[opendtv] Re: Spectrum is too valuable

  • From: Albert Manfredi <albert.e.manfredi@xxxxxxxxxx>
  • To: "opendtv@xxxxxxxxxxxxx" <opendtv@xxxxxxxxxxxxx>
  • Date: Thu, 26 Nov 2015 18:34:14 -0500

Craig wrote:

The report does not tell us how many people stream through smart TVs, game
consoles, or PCs connected to TVs, or those who just watch TV on PCs, Laptops
and tablets. So the actual percentage. Is probably much higher.

So this raises the real question:

Why is the shift to OTT streaming slower than Bert would like?

Exactly because it does not list the obvious methods. It only lists use of the
limited little boxes. People who stream to their PCs, phones, tablets, smart
TVs, laptops, aren't even counted. You answered your own question.

I think Ron nailed it: many people are satisfied with their MVPD service,
even
if they believe it is overpriced.

I think you guys keep ignoring the obvious. People are bailing out of the
legacy solutions. People are are both cutting and shaving the cord. That's why
the content owners and rights holders are developing the new techniques. And
the cabled MVPDs are buying time, cluttering up spectrum they have with
broadcast streams, for two pretty obvious reasons:

1. They will milk the legacy walled-in bundle model as long as they have
faithful and compliant servants who pay for it, even as those numbers dwindle,
and

2. They are creating scarcity in this broadband commodity, to command higher
prices. But even that is not 100% the case, as you have pointed out, because at
least occasionally, they have increased your broadband speed without changing
your plan.

I'll repeat, though, that the same applies to OTA broadcast as to cable
broadcast. Although OTA broadcast has a perfect excuse to *be* broadcast.
That's the only way they can afford to offer FOTA TV. Converting to a two-way
infrastructure involves a lot of cost, including recurring expenses, for the
dense mesh of transmitters. And of course DBS has a technical limitation to
offering two-way service, in high density markets. But cable is another matter
entirely, now that they have converted their infrastructure to two-way.

But the capacity
needed for all the linear networks in the MVPD bundles is just starting to be
built out.
This is where you lose focus, Craig. What capacity? The capacity is not in the
PONs, that already exists. The capacity is in the edge servers, those needed
for the more popular programs. Cabled MVPDs are bragging about deploying DOCSIS
3.1, and in the same breath, they are bragging about offering a mere 1 Gb/s
aggregate load per PON, with DOCSIS 3.1. Now do you see what it's all about?

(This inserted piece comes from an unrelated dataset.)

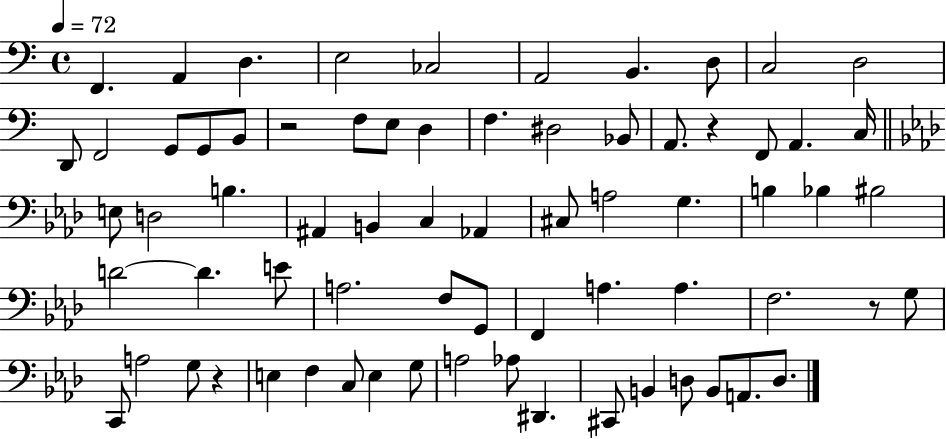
F2/q. A2/q D3/q. E3/h CES3/h A2/h B2/q. D3/e C3/h D3/h D2/e F2/h G2/e G2/e B2/e R/h F3/e E3/e D3/q F3/q. D#3/h Bb2/e A2/e. R/q F2/e A2/q. C3/s E3/e D3/h B3/q. A#2/q B2/q C3/q Ab2/q C#3/e A3/h G3/q. B3/q Bb3/q BIS3/h D4/h D4/q. E4/e A3/h. F3/e G2/e F2/q A3/q. A3/q. F3/h. R/e G3/e C2/e A3/h G3/e R/q E3/q F3/q C3/e E3/q G3/e A3/h Ab3/e D#2/q. C#2/e B2/q D3/e B2/e A2/e. D3/e.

The "capacity" calculation is very different, when comparing broadcast methods
to two-way methods.

What is different about CBS All Access, and what I just described above?

The difference is, just like SlingTV, All Access does not attempt to become
your one and only TV content source. Any scheme that merely duplicates the
legacy MVPD bundle model, and consequent pricing model, does attempt to do
this. Any scheme offered only to the subscribers of that physical
infrastructure, for example. But I think that it cannot take long for all of
the cabled MVPDs, once they have converted to IP, to want to exploit this new
capability they will have gained, just as Dish understood some time ago, and
compete outside their previous walled in territories.